Wow, I like everything about that!
-cool tune with good groove, plus some dynamic range that's often missing these days
-good mix there, can really hear both guitars (single + humbucker, with different EQ's, is a great mix - no shocker)
-I can even hear the bass nice and clearly, I don't hear as well in that range usually. Again, great mix.
-singer has a pretty unique voice


----------



## captainbrew (Feb 5, 2010)

Thanks keto. We like the mix of my strats/tele with my Matchless Chieftain and our singer's Eastman semi-hollow w/Fralin humbucking P90 type pickups and his Dr.Z MAZ18. Really seems to fill the whole spectrum of guitar tone. We don't really hear any bands that sound quite like us out there which is tough in a world of soundalike bands. A lot of clubs want bands that sound like everybody else out there. Glad you enjoyed!


----------



## fredyfreeloader (Dec 11, 2010)

I've listened to some of your videos before and as usual this one is another fine piece, keep up the good work.


----------



## Chito (Feb 17, 2006)

Great to meet you guys! Was a great show!


----------



## captainbrew (Feb 5, 2010)

Chito said:


> Great to meet you guys! Was a great show!

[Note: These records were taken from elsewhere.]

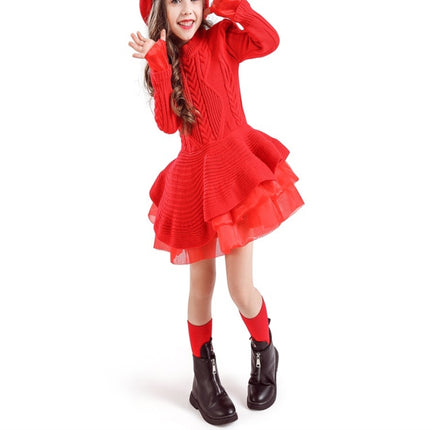 Winter Girls Knit Long Sleeve Sweater Organza Dress Evening Dress, 100cm, 110cm, 120cm, 130cm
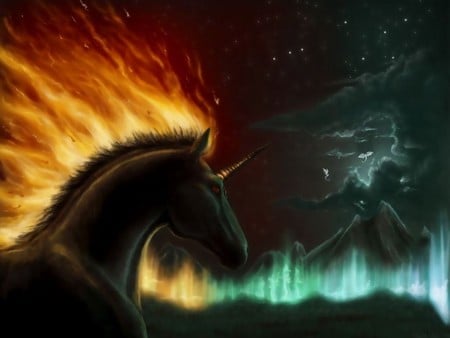 burning unicorn - abstract, fantasy, fire, 3d, unicorn, light, dark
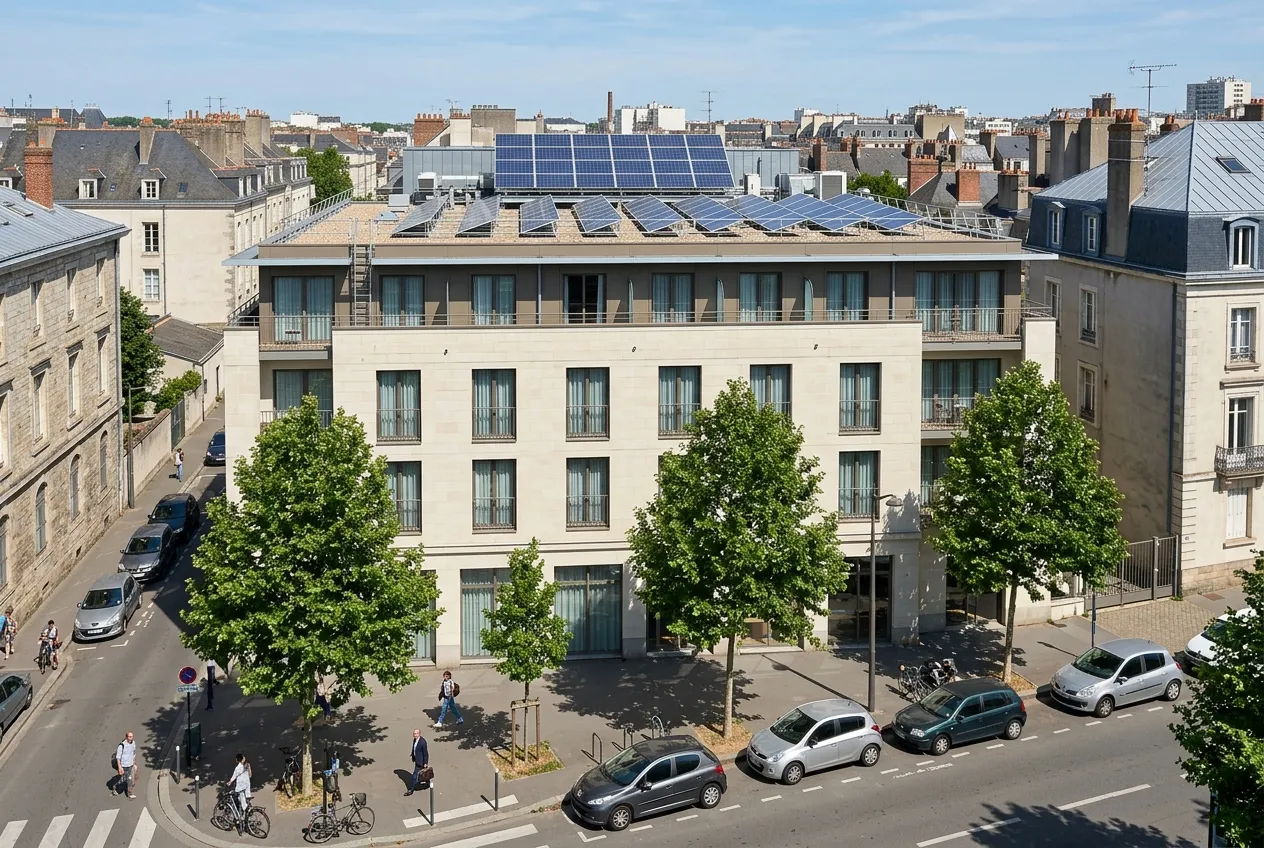 Hôtel français avec panneaux photovoltaïques sur le toit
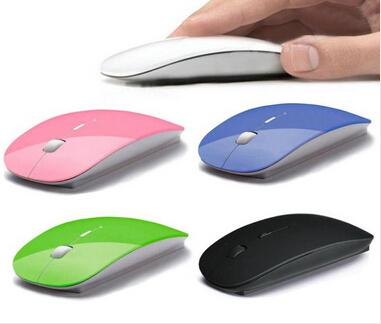 2015 Ultra Thin USB Optical Wireless Mouse 2.4G Receiver Super Slim Mouse For Computer PC Laptop Desktop 5 Candy color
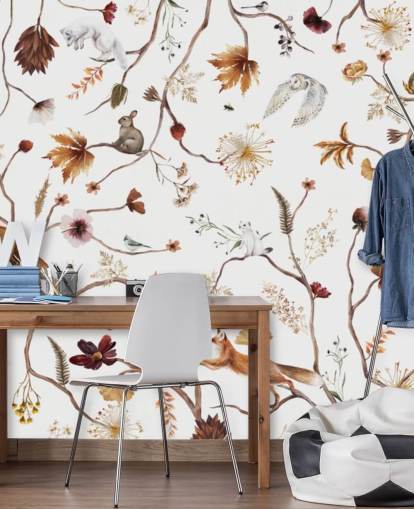 hvidt børnehavevægmaleri kaldet Playful Forest White Panorama af Kikki Belle til børn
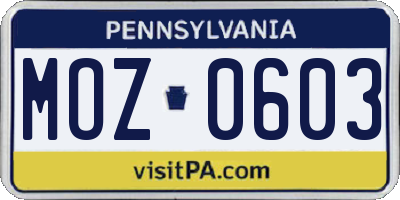 PA license plate MOZ0603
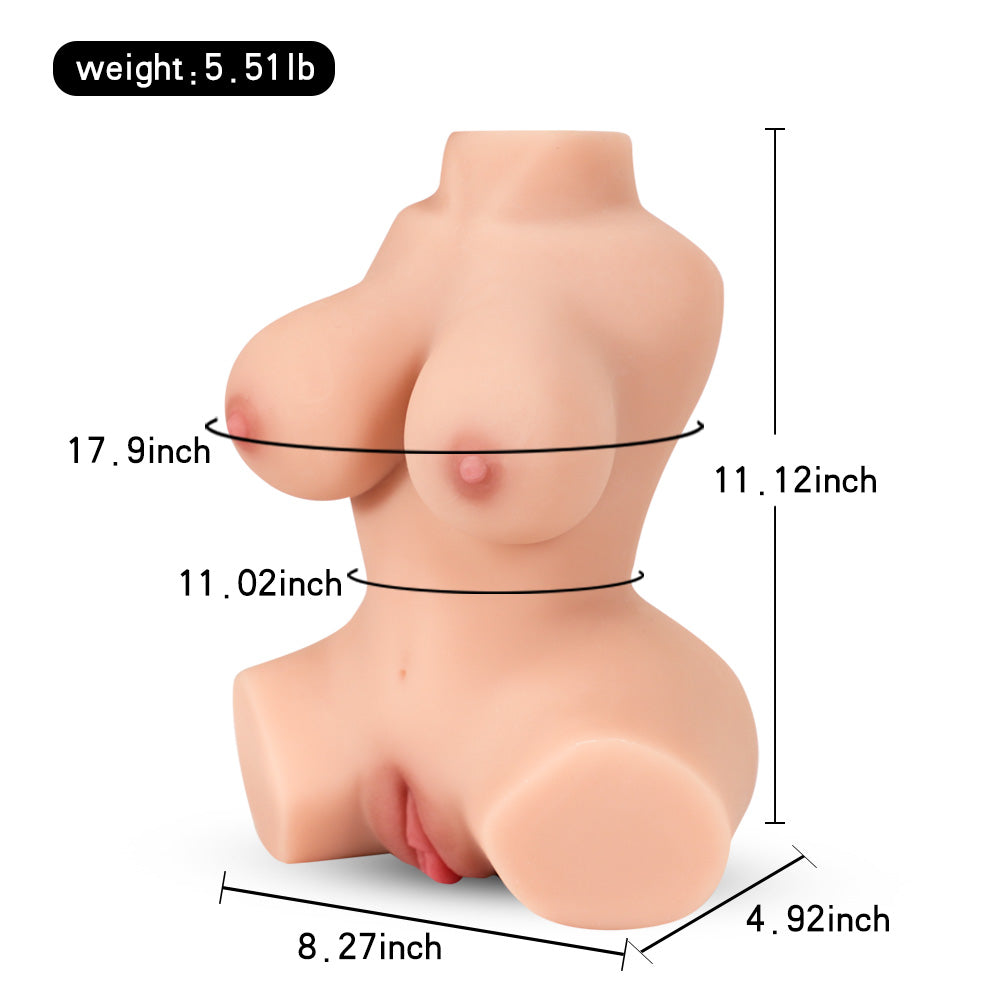 6 LB Lifelike Sex Doll Torso Male Masturbator Toy with Big Boobs Tight Vagina Anal Tunnels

Thanks Chito. It was nice to meet you as well. I'm glad you enjoyed the show and we hope to see you again!


----------



## Sneaky (Feb 14, 2006)

Good stuff. 

The backwards "NREVAT" sign and the lefty strat made me feel like I was watching the video in a mirror though. 


:banana:


----------



## ZeroSixOne (Jan 3, 2012)

Great sound guys... nice soul...

Kinda have the John Mayer vibe!


----------



## captainbrew (Feb 5, 2010)

ZeroSixOne said:


> Great sound guys... nice soul...
> 
> Kinda have the John Mayer vibe!


Thanks. Both myself and our singer/other guitarist are fans of John Mayer.
We're mostly into a lot of the Motown era people like Marvin Gaye, Donny Hathaway and Stevie Wonder. We're also into other stuff like Bob Marley, Amos Lee, Wide Mouth Mason, Soulive and a bunch of other sutff.


----------